Björklund, Jesper, Gunnarson, Björn E, Seftigen, Kristina, Zhang, Peng, Linderholm, Hans W
Pinus sylvestris, case studies, dead wood, differential staining, earlywood, heartwood, latewood, sapwood, summer, temperature, variance, Scandinavia
The inexpensive Blue Intensity proxy has been considered a complement or surrogate to maximum latewood density (MXD), but is associated with biases from differential staining between sapwood and heartwood and also between deadwood samples and living-wood samples that compromise centennial-scale information. Here, we show that, with some minor adjustments, ΔBlue Intensity (ΔBI) is comparable with MXD or ΔDensity (Δ = the difference or contrast between latewood and earlywood density) in dendroclimatological reconstructions of summer temperatures in the Central Scandinavian region, using Pinus sylvestris L. (Scots pine), on annual and multi-centennial timescales.
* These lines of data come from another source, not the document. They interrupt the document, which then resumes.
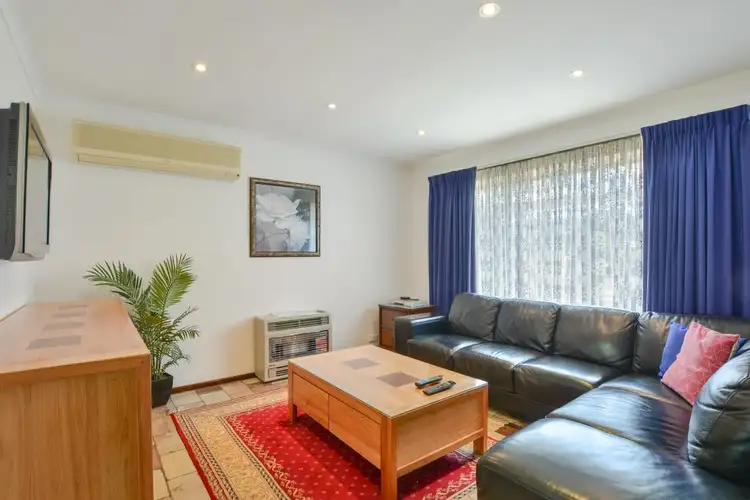 Third view of Homely house listing, 81 Adams Road, Trott Park SA 5158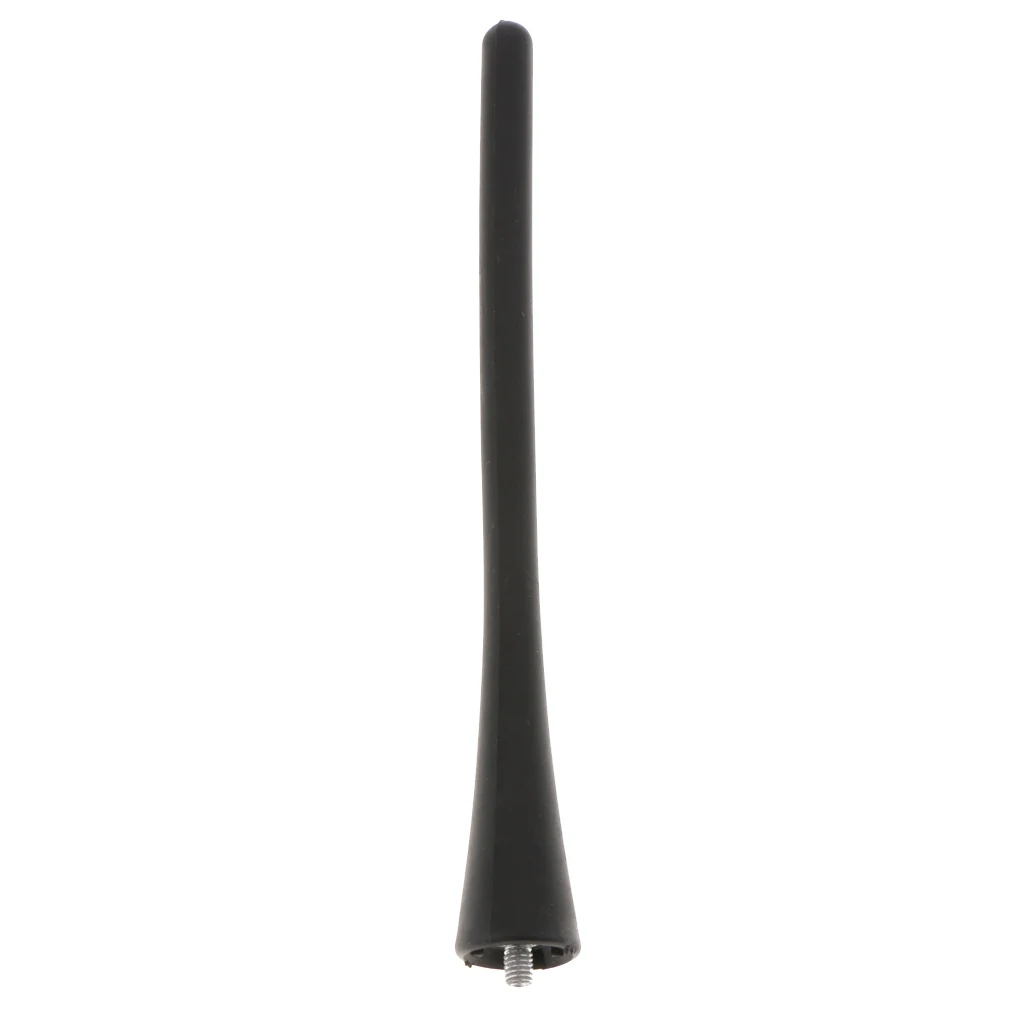 Car Radio FM Antenna Aerial Mast Replacement Fits For 39151-SWA-305 | Автомобили и мотоциклы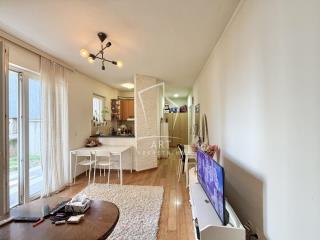 stanovi   Beograd  Vojvode Vlahovića    Andre Stevanovića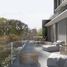 Condominium 1 chambre à vendre à Federal Capital, Buenos Aires, Federal Capital, Buenos Aires, Argentine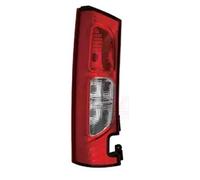 VAN WEZEL Fanale posteriore adatto per MERCEDES-BENZ CITAN Kasten (415) 2970933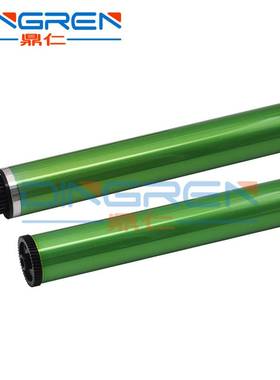 适用 理光 MP1811鼓芯 MP2501C MP2014AD 1911 1812 2001SP 1801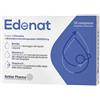Edenat 20 compresse - - 984233268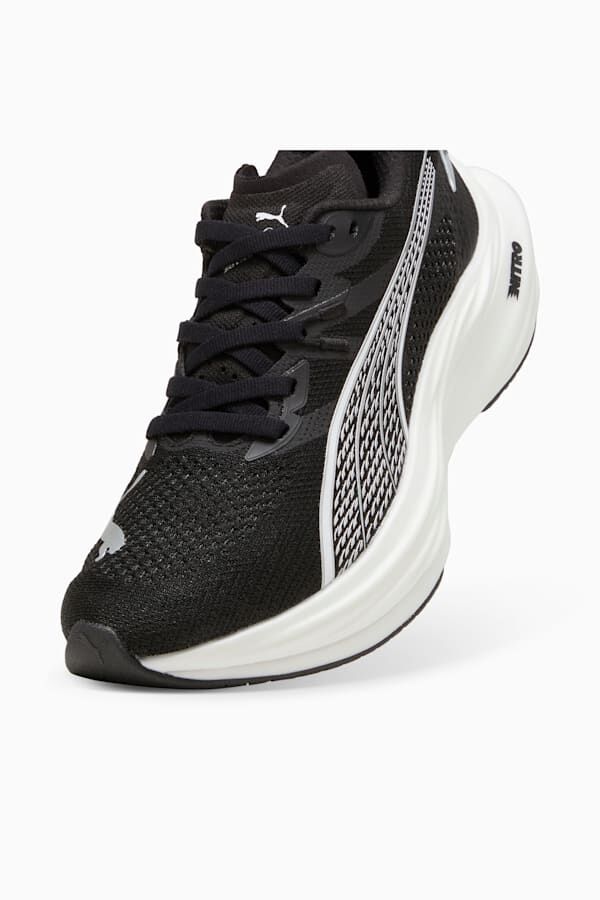PUMA-309708 (3)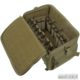 Оружейная сумка RANGE BAG Adaptive Green. Helikon-Tex: Фото №3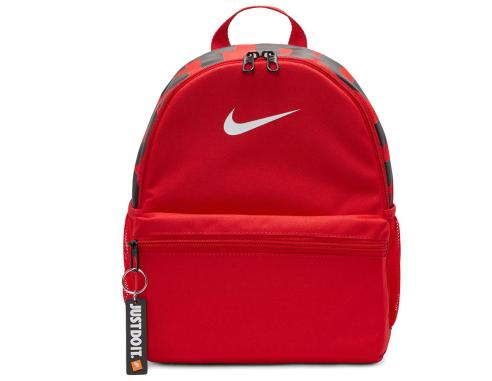 Plecak Nike Brasilia JDI DR6091-657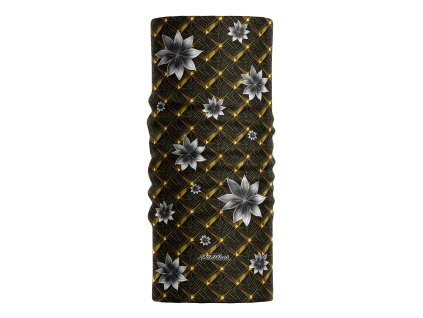 MULTIFUNKČNÁ ŠATKA - 7297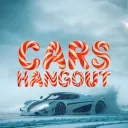 Cars Hangout Discord Server Icon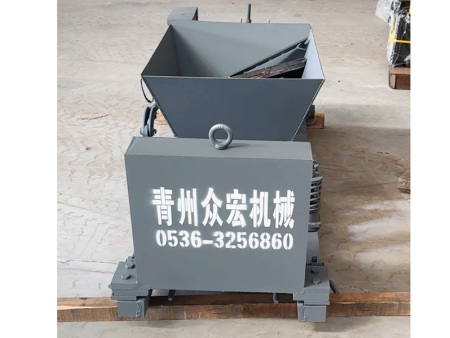 50x500-1 条炕板机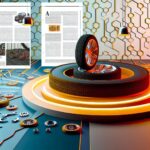 Jak opravit chyby na disku: Nejčastější problémy a řešení 17 Jak opravit chyby na disku: Nejčastější problémy a řešení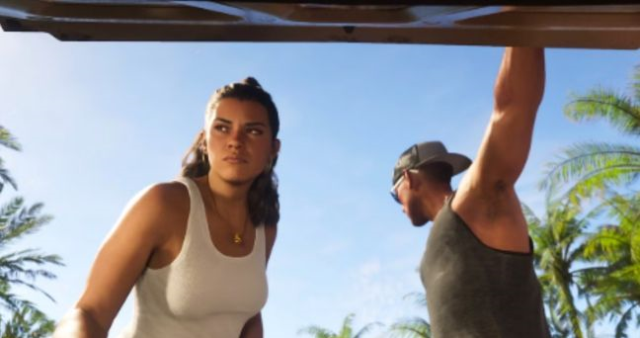 GTA 6 ne zaman çıkıyor, son erteleme ne zaman? Fiyatları ve beklenen özellikleri neler?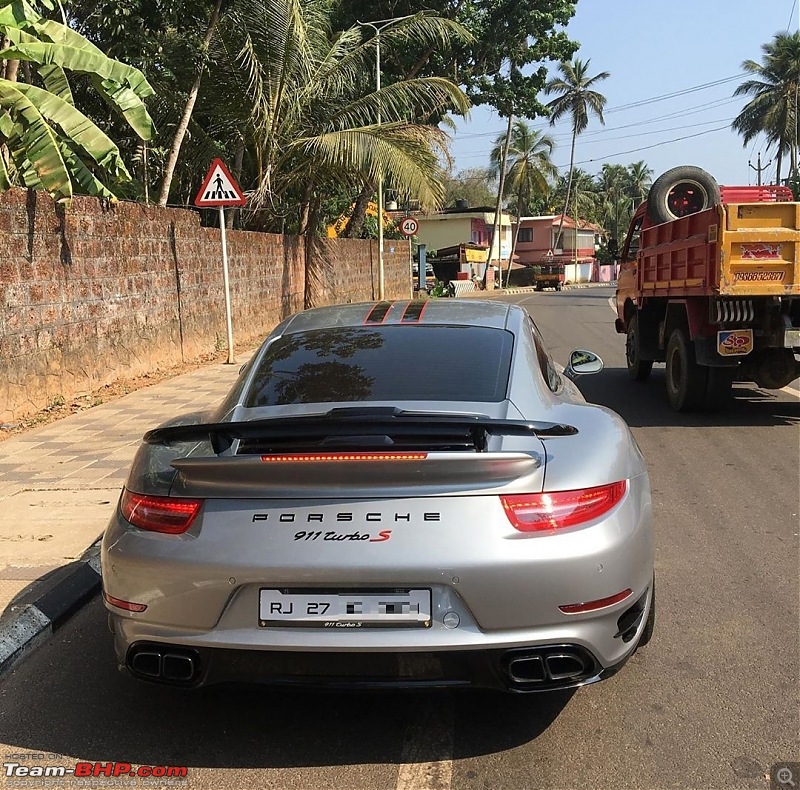 Supercars & Imports : Kerala-911-tb-2.jpg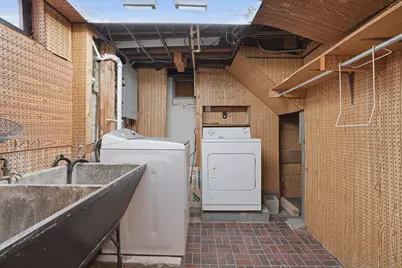 1107 W 62nd Place, Merrillville, IN 46410 - Photo 18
By using ΔBI, this bias is significantly reduced, but the contrast between earlywood and latewood in BI is altered with degree of staining, while for density it is not. Darker deadwood samples have a reduced contrast compared with the lighter living-wood samples that make ΔBI and ΔDensity chronologies diverge. Here, we quantify this behaviour in BI and offer an adjustment that can reduce this bias. The adjustment can be derived on independent samples, so in future work on BI, parallel density measurements are not necessary. We apply this methodology to two Central Scandinavian Scots pine chronologies that averaged into a composite is able to reconstruct summer temperatures with an explained variance in excess of 60% in each verification period using a split sample calibration verification procedure. Although the amount of data used to derive this contrast adjustment produces desirable results, more tests are needed to confirm its performance, and we suggest that future work on the BI proxy should aim for a small subset of parallel BI and density measurements while the bulk of the data is only measured with the BI technique. This is to ensure that the adjustment is continuously updated with new data and that the conclusions derived here are robust.